With the exception of very hot conditions, or more arduous courses, it’s unlikely you need to bring much, if any water, especially if you plan ahead and start hydrated. If you’re concerned, or know that you’re typically a water guzzler, than by all means, don’t dry yourself out, but try to downsize. A half water bottle, or a similar amount in a water bladder should suffice.
Additionally, you almost certainly don’t need food on the course for a race that will take less than an hour and a half. Do, however, eat in advance. This should be something you might normally eat on a ride and is known and agreeable, high in sugar, low in fiber, and consumed at least 30 minutes prior to the start. Never try out some new food before a race though.
Do make sure to purge in advance too, but not too far in advance. Carrying around certain, extra fluids or solids will not make for an enjoyable experience. Scout out the location of the facilities and try to hit them about 20 minutes before your wave is scheduled to go off. Keep in mind that other participants may have the same plan, and that often there is a pre-race meeting anywhere from 15-5 minutes before the first wave goes out.
As for mechanical breakdowns, if you have a major mechanical in an entry-level race, you are essentially done racing and just trying to get back to your car. In longer races you might still have a reasonable shot of maintaining or regaining some ground, even with minor issues, but most entry-level races are too short to regain any lost ground. More, in most courses, if the mechanical is truly a disaster, you can probably walk back to the start area faster than you can fix and ride out. It’s better to do your maintenance beforehand and make sure your rig is in top form than to plan to address issues on course. That being said, weird things happen in races, and it’s probably not a bad idea to carry a small multi-tool, spare tube, and CO2 cartridge. Anything more, and you’re schlepping dead-weight.
Something like a tipped saddle or leveraged handle bars or shifters could be fixed in a few seconds. Bigger issues may mean your race is over.

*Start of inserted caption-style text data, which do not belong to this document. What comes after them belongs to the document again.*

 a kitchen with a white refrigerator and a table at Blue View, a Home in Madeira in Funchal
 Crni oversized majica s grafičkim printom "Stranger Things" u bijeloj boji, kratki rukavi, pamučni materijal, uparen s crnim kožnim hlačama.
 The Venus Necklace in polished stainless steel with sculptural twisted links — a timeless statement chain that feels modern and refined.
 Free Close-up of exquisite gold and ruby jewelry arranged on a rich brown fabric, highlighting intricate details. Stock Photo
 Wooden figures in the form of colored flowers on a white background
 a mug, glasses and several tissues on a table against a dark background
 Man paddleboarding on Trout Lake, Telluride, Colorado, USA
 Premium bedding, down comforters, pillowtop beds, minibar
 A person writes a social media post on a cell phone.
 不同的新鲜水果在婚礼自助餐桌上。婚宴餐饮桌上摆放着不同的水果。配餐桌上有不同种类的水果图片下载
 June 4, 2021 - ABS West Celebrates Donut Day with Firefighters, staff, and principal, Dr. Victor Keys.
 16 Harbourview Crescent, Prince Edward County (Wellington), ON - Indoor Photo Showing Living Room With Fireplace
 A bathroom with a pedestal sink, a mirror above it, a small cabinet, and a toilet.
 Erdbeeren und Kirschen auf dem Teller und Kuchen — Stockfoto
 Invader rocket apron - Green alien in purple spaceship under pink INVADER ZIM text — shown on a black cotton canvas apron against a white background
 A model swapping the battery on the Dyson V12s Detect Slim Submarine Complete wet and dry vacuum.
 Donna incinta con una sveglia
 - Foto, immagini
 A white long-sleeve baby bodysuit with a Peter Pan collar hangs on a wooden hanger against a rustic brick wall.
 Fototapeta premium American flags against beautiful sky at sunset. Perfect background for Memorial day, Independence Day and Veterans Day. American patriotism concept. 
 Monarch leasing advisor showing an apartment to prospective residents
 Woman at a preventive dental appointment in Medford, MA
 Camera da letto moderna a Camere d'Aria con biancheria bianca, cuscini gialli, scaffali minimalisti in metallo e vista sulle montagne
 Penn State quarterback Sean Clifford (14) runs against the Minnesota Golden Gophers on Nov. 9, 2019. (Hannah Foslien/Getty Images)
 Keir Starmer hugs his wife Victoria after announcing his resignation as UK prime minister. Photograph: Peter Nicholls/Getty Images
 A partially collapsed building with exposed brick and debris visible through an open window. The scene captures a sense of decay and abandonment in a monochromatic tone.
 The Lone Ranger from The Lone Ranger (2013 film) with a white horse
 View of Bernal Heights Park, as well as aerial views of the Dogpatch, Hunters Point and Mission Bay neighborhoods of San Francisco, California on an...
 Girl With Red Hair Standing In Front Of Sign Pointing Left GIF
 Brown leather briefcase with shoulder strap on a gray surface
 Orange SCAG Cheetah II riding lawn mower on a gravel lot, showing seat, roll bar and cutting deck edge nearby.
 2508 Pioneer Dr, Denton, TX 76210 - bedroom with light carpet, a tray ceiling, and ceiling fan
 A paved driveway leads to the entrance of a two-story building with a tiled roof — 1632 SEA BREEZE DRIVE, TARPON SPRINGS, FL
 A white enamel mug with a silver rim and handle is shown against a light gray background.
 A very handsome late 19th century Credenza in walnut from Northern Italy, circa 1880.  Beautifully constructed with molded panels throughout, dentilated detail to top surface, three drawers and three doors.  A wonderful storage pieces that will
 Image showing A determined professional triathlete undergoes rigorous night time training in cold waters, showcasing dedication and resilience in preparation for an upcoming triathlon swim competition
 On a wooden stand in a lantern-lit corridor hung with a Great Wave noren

Not to be a pessimist either, just because you have a mechanical and might be effectively knocked out of the race does not mean you have to throw in the towel. You paid to race; if the course is fun, fix the problem and carry on.
As for dress: wear what is comfortable. Races are synonymous with spandex and colorful team kits. If you have these things and like wearing them to ride, than by all means. On the other hand, I would not advise spending upwards of $100 on some new lycra for a race.
Lastly, freaking have fun. That’s the whole point. Ride a little harder than you would on your own, meet some new people, enjoy a course you probably would not ride otherwise.
Other things I consider unofficial advice:Talk to the competition: “Nice bike,” “keep it up,” encouragement etc if someone crushes something or rides a line well; the boost is nice to give and nice to get.
“Hey where ya from” or “how you like those tires” or other banter if they’re yo-yoing with you. You could make a friend, take your mind off some pain, or you could push someone over the edge into oxygen debt. I knocked a guy out of contention playing the name game on a long climb in a race once. I actually didn’t mean to, I genuinely wanted to know if we had some mutual friends, but I guess he had just been hanging on to my wheel, and when I started chatting, it was too much. It was hilarious, but I felt like I learned something in that moment.
If you do have a mechanical, just feel like crap, and can’t or don’t want to finish, tell a race official before you leave the course so they know you didn’t die.
Finally, thank the race director at the end of the race, regardless of how you thought the race went: I make it a point every week to go say thank you. If you think there was a problem with the event or something that could be done better, shut your mouth, get involved, make a difference. It takes a lot of work to put on most races, and except for a few big events, most aren’t exactly making a killing, if any profit at all. Your effort will always go farther than your hot air.